■ WHAT YOU HAVE TO DO:
Only the text should be kept: print every entry below exactly and leave each image out.

(Entries taken from a collection)
__________

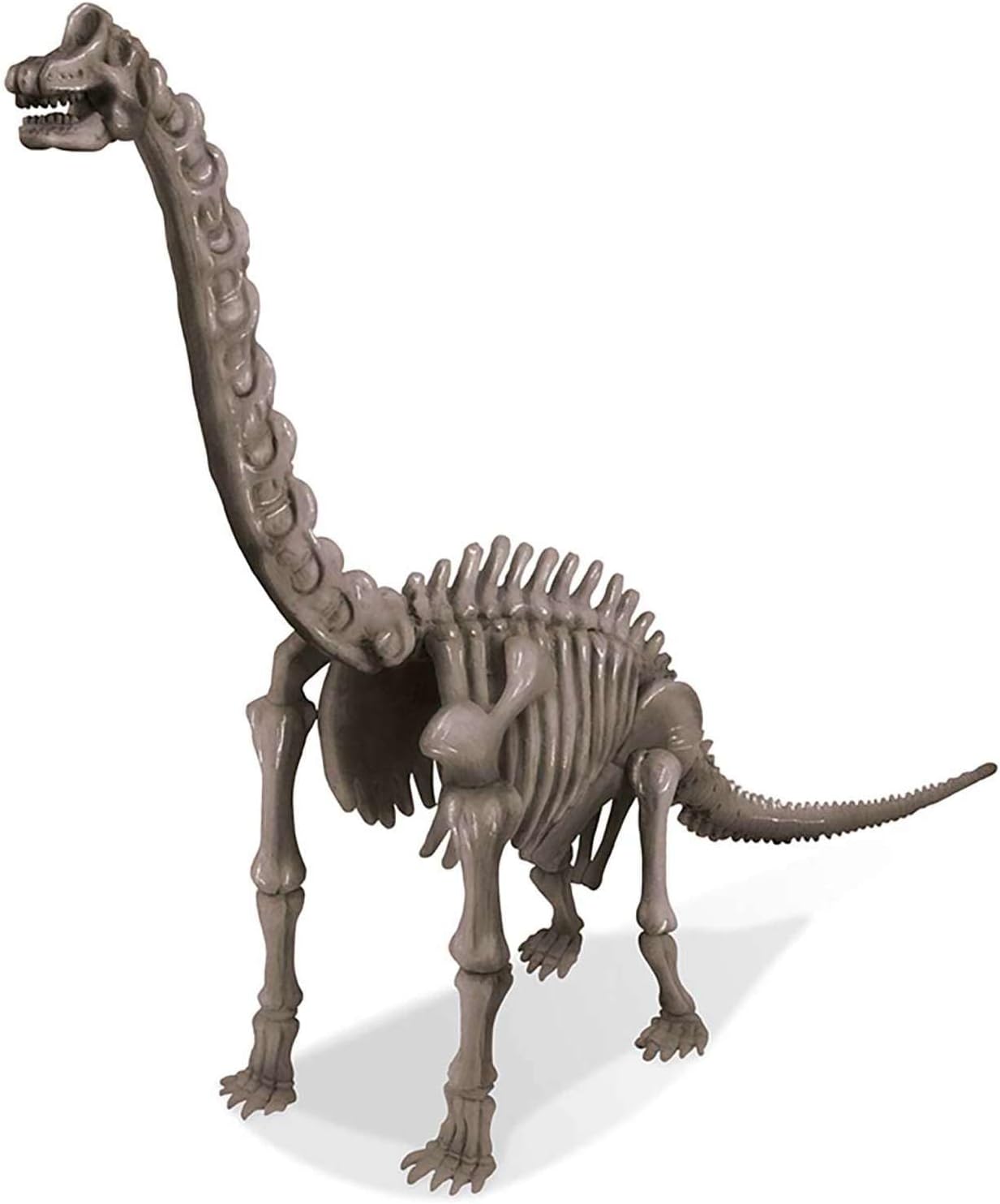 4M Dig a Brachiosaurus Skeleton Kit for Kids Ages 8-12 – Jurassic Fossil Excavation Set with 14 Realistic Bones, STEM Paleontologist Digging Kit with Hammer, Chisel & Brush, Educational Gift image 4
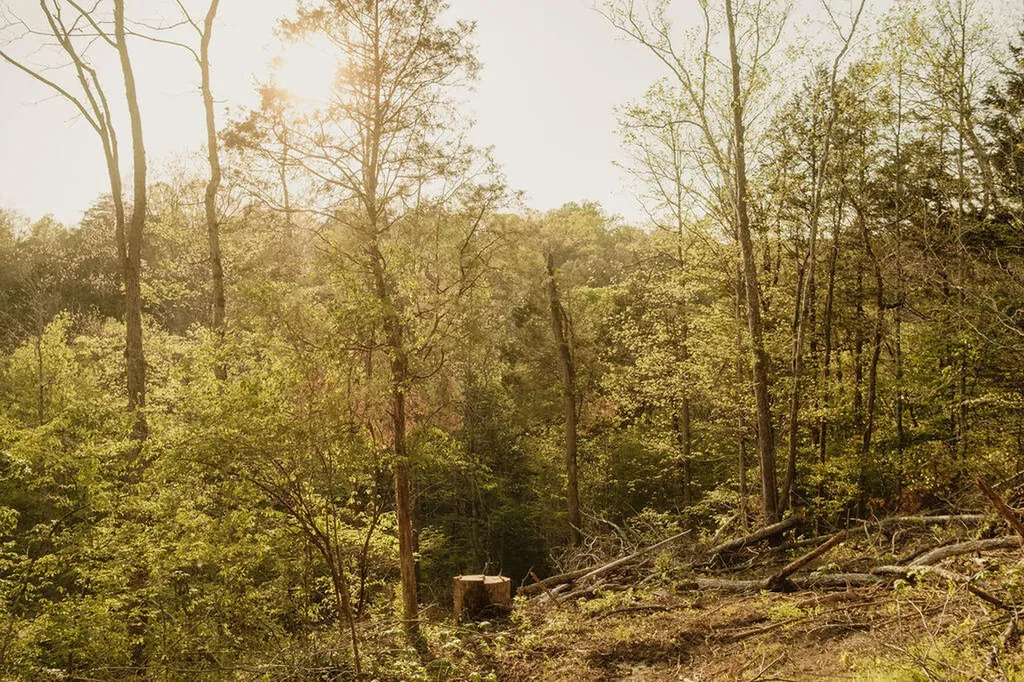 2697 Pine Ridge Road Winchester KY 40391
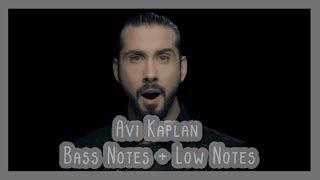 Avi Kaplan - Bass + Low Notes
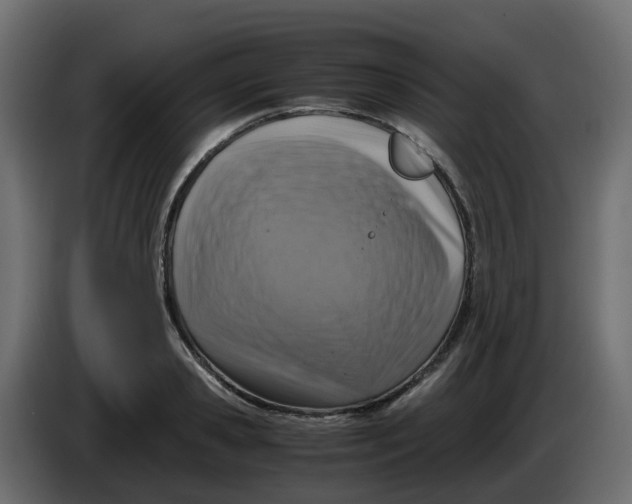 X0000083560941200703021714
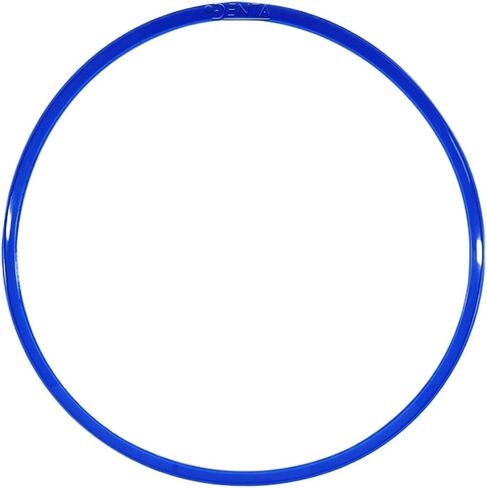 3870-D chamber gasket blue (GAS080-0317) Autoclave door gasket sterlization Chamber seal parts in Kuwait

__________

■ RESPONSE TO THE EXERCISE:
 4M Dig a Brachiosaurus Skeleton Kit for Kids Ages 8-12 – Jurassic Fossil Excavation Set with 14 Realistic Bones, STEM Paleontologist Digging Kit with Hammer, Chisel & Brush, Educational Gift image 4
 2697 Pine Ridge Road Winchester KY 40391
 Avi Kaplan - Bass + Low Notes
 X0000083560941200703021714
 3870-D chamber gasket blue (GAS080-0317) Autoclave door gasket sterlization Chamber seal parts in Kuwait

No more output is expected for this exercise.